• **Scraped caption text data**
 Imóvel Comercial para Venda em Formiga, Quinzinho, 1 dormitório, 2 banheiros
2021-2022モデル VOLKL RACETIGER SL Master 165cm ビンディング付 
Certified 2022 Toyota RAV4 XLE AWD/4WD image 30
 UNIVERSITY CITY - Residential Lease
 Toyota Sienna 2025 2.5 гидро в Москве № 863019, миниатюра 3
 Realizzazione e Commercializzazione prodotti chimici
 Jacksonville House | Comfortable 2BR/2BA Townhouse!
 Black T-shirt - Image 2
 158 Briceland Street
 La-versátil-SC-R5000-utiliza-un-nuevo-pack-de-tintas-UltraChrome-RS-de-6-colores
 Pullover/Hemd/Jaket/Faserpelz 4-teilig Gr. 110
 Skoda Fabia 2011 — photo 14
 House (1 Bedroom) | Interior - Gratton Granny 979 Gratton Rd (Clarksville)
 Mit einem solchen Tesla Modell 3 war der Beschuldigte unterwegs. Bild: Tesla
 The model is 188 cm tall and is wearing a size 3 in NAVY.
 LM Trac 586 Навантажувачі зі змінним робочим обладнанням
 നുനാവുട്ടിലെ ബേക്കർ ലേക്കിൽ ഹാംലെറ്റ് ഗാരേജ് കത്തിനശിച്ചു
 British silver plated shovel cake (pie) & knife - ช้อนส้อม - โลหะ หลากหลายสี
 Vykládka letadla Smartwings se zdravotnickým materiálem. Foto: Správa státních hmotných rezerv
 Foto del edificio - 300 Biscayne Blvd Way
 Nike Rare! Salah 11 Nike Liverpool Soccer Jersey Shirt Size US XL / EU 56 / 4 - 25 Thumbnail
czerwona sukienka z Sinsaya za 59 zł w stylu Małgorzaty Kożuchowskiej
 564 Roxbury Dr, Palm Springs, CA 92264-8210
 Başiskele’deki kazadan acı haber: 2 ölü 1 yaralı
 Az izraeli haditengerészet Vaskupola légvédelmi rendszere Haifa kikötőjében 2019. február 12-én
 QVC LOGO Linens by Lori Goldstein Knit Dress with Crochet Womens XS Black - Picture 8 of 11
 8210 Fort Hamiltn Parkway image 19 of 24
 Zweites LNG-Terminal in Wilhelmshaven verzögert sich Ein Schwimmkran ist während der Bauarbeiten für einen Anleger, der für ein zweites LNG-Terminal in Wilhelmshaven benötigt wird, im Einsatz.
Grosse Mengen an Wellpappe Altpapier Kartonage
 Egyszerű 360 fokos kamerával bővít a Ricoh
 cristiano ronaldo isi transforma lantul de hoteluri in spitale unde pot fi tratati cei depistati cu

• **TASK BRIEF**
A verbatim transcription is needed of the lines above, starting at the line with "നുനാവുട്ടിലെ ബേക്കർ ലേക്കിൽ" and ending at the line with "8210 Fort Hamiltn Parkway image 19 of 24", both included, and of nothing else.

• **ANSWER FOR THE TASK**
 നുനാവുട്ടിലെ ബേക്കർ ലേക്കിൽ ഹാംലെറ്റ് ഗാരേജ് കത്തിനശിച്ചു
 British silver plated shovel cake (pie) & knife - ช้อนส้อม - โลหะ หลากหลายสี
 Vykládka letadla Smartwings se zdravotnickým materiálem. Foto: Správa státních hmotných rezerv
 Foto del edificio - 300 Biscayne Blvd Way
 Nike Rare! Salah 11 Nike Liverpool Soccer Jersey Shirt Size US XL / EU 56 / 4 - 25 Thumbnail
czerwona sukienka z Sinsaya za 59 zł w stylu Małgorzaty Kożuchowskiej
 564 Roxbury Dr, Palm Springs, CA 92264-8210
 Başiskele’deki kazadan acı haber: 2 ölü 1 yaralı
 Az izraeli haditengerészet Vaskupola légvédelmi rendszere Haifa kikötőjében 2019. február 12-én
 QVC LOGO Linens by Lori Goldstein Knit Dress with Crochet Womens XS Black - Picture 8 of 11
 8210 Fort Hamiltn Parkway image 19 of 24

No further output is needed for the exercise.